Okazuje się, że wiele kwestii naukowych i społecznych Amerykanie postrzegają zupełnie inaczej niż badacze – wynika z ostatniego sondażu Pew Research Center, przeprowadzonego wśród losowo wybranych dorosłych mieszkańców USA i naukowców z American Association for the Advancement of Science (AAAS).
Największe rozbieżności w opiniach wystąpiły w kwestii bezpieczeństwa żywności modyfikowanej genetycznie (GMO). Naukowcy postrzegają ją jako znacznie bardziej bezpieczną niż opinia publiczna (88 proc. do 37), choć 67 proc. Amerykanów przyznało, że nie rozumie dokładnie skutków GMO dla zdrowia.
Kolejna duża różnica (40 punktów procentowych) dotyczyła kwestii spożywania żywności wyhodowanej z użyciem pestycydów. Tylko 28 proc. Amerykanów wierzy, że takie produkty są „w zasadzie bezpieczne”, natomiast 68 proc. naukowców twierdzi, że nie ma powodów do niepokoju.

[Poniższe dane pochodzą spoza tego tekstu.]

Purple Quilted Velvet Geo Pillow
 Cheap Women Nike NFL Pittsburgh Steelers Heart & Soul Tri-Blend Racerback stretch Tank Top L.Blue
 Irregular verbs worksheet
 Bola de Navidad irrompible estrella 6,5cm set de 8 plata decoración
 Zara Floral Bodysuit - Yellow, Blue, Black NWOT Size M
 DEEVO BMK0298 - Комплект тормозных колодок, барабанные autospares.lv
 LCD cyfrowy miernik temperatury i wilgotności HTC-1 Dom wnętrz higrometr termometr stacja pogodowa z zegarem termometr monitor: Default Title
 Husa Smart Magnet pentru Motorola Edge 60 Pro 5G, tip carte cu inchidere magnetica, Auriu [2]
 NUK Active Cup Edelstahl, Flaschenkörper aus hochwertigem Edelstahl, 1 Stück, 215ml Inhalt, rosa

Co ciekawe, tylko 65 procent respondentów odpowiedziało, że wierzy w teorię ewolucji człowieka. Badacze opowiedzieli się w tej kwestii niemal jednomyślnie (98 proc.).
W sondażu nie mogło również zabraknąć problemu zmian klimatycznych. I podczas gdy 87 proc. naukowców jest przekonanych, że Ziemia ociepla się pod wpływem działalności człowieka, tego samego zdania była połowa opinii publicznej, a jedna czwarta Amerykanów odpowiedziała, że nie ma „żadnych twardych dowodów” na globalne ocieplenie.
Biorąc pod uwagę te odpowiedzi, nie dziwi fakt, że 84 proc. naukowców z AAAS wyraża obawę, iż brak zrozumienia nauki wśród opinii publicznej to „poważny problem”. Połowa akademików jest zdania, że zbytnie upraszczanie naukowych kwestii przez media stanowi problem; tyle samo przyznało, że „opinia publiczna zbyt szybko oczekuje rozwiązań”.